Od pewnego czasu z każdej strony trafiały do mnie wzmianki o twórczości Riley’a Sagera. Gdziekolwiek się nie obejrzałem, tam ktoś coś o nim wspominał – nic więc dziwnego, że w końcu uległem ciekawości i sięgnąłem po jego książkę. Mój wybór padł na "Dom Po Drugiej Stronie Jeziora".
Zanim jednak przejdę do konkretów, warto zaznaczyć, że większość opinii, na które się natknąłem – zwłaszcza tych od osób, których zdanie cenię – była mocno ambiwalentna. Z jednej strony chwalono klimat, jaki Sager potrafi stworzyć, z drugiej wytykano mu fabularne absurdy, które potrafią zirytować najbardziej wytrwałego czytelnika. Wiedząc to wszystko z góry, byłem już gotów na różne wrażenia i – paradoksalnie – to przygotowanie sprawiło, że książkę odebrałem raczej pozytywnie, mimo jej ewidentnych słabości.

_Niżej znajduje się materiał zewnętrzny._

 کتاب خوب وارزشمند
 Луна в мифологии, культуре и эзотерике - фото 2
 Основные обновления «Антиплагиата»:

Sama historia przedstawiona w "Domu…" jest intrygująca, choć niekoniecznie nowatorska. Jeśli komuś znane są filmy takie jak "Lokator" czy "Okno na Podwórze", będzie mniej więcej wiedział, czego się spodziewać. Śledzimy losy Casey – kobiety, która po śmierci męża popada w alkoholizm i zostaje wysłana do domku nad jeziorem w Vermont, by tam dojść do siebie. Z czasem, znużona samotnością, zaczyna przez lornetkę obserwować sąsiadów z domu po drugiej stronie jeziora. Szybko staje się świadkiem dziwnych i niepokojących wydarzeń, które prowadzą do napiętej, pełnej zwrotów akcji historii.

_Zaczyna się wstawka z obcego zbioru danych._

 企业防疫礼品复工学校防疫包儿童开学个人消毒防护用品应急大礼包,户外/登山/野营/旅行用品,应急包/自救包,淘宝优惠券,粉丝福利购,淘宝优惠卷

Sager z całą pewnością potrafi budować napięcie. Jego styl może nie jest szczególnie wyszukany, ale narracja naprawdę wciąga. Sam pochłaniałem kolejne rozdziały z rosnącym zainteresowaniem, a klimat podglądania życia innych – ten specyficzny dreszcz ekscytacji wymieszany z poczuciem winy – oddany został bardzo przekonująco. Jeśli więc szukacie lektury, która zapewni Wam solidną dawkę napięcia, "Dom Po Drugiej Stronie Jeziora" to dobry wybór.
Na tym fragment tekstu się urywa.